Al finalizar la conversación, regresamos a Tijuana. Ellos (OWLA) realizarían la votación y mucho más tarde comunicarían los resultados a las autoridades de San Juan  Luvina (Oaxaca, México). Les darían la lista de nombres y cargos que desempañarían esas personas.  Creo recordar que la duración de cada cargo es de dos años. En Luvina, anotarían esos datos y los incorporarían al cuerpo general de autoridades locales —como si en esa lista no existieran límites geográficos. Diciendo esto no intento decir que la ciudad de Los Ángeles es San Juan Luvina, o viceversa. No, para nada. Tampoco quiero romantizar el proceso migratorio pues, sin duda, es un proceso muy complejo del que sólo alcanzo a ver una pequeña parte. Tampoco quiero decir que la monetarización del trabajo comunitario sea la panacea. No, de hecho, me parece problemático: abierto a la especulación y a procesos de desregulación promovidos en el seno comunitario. De hecho, mi intención no ha sido escribir un texto sobre «migración», sino uno sobre una «comunidad» fuerte, que depende del territorio pero no desvinculado del trabajo colectivo. Sólo así podría explicarme porque ese día, algunas de las personas nacidas en los Estados Unidos se consideraban parte de la comunidad de San Juan Luvina. Sus padres lo eran. Conocían sus calles y las muy variadas especies de árboles que se encuentran en el sitio, pero no ellos. Y eso,  no importaba. Ellos se consideraban parte, y el resto los reconocía.  Quizá a eso se refería Floriberto Díaz cuando escribió que el trabajo colectivo, el tequio, es  un «acto de recreación» comunitaria. El tequio puede ser el trabajo directo en obras públicas, la ayuda recíproca entre familias, o atender a los invitados en una fiesta; y el  también puede ser aportar ideas y compartir lo aprendido. En uno de sus escritos, Floriberto Díaz advierte que si habla mucho de tequio es porque el éste les ha dado autonomía frente a la «exigencia de lealtad» y «sometimiento» de las instituciones estatales (occidentales) y, en ese sentido, el tequio es la «forma concreta y material» que ha procurado su supervivencia. Y no dudo que algo parecido suceda con Luvina: el tequio le ha permitido sobrevivir incluso a pesar de la distancia y de su propio nombre. La palabra Luvina, que deriva del zapoteco, significa: raíz de la miseria.

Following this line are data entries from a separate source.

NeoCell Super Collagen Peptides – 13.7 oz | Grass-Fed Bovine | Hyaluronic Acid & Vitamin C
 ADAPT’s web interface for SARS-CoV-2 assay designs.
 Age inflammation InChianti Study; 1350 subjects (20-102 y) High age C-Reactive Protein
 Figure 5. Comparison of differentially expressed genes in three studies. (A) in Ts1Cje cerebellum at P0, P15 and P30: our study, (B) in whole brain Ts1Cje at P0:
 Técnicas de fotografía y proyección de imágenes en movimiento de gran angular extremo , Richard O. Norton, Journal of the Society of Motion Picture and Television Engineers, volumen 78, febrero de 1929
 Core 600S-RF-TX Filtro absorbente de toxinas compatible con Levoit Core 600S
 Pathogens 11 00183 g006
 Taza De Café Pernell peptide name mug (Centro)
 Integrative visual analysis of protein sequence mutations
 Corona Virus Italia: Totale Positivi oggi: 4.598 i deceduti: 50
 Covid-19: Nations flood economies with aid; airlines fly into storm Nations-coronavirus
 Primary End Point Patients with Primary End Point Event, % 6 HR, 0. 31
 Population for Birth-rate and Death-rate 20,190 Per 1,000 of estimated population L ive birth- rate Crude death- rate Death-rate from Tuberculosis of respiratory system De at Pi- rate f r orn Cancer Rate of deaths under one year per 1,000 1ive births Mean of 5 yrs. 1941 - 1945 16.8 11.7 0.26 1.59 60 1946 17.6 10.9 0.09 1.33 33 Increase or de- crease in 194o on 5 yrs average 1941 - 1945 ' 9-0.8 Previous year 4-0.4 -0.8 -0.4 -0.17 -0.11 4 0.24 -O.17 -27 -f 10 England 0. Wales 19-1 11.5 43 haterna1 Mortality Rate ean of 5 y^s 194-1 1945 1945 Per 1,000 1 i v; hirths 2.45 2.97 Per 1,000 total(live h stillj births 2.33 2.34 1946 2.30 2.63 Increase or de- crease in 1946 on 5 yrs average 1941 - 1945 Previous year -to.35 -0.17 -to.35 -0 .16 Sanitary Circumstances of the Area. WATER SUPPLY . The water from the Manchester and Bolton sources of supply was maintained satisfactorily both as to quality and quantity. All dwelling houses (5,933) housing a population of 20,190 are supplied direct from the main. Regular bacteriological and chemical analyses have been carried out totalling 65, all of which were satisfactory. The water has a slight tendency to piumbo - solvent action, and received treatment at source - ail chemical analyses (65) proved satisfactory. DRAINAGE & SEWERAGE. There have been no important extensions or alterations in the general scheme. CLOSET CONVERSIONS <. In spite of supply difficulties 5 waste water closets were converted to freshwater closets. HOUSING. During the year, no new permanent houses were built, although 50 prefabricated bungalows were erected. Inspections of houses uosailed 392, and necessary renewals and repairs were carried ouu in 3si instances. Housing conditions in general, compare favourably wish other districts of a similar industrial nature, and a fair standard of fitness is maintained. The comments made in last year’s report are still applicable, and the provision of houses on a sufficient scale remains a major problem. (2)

Es muy probable que en tiempos de precariedad compartida, resulte indispensable repensar la idea de «comunidad», partiendo, como quiere Jaime Martínez Luna, del reconocimiento de los lazos de dependencia que nos unen a los otros: reconocer, en palabras de Emmanuel Levinas, que yo sólo soy en tanto otro. Así, después de ese viaje, quiero pensar que una comunidad es un hogar o una casa. Cuando escribo la palabra hogar la escribo pensando en John Berger. Bien dice el dibujante y ensayista que un hogar es hogar por su capacidad para construir vínculos, no muros. Ya se sabe que, etimológicamente, en la palabra hogar se encuentra una fogata o un brasero; una fuente de calor y cobijo en el interior de la casa. Y muy la menudo las fogatas requieren del trabajo de los otros. Del tequio. De la energía de los cuerpos que la mantienen viva, soplándole y añadiendo leños secos; troncos que, en el caso de Luvina, son de cacho de venado, de chamizo negro, de pingüica, de ocotillo espinal y de güizache.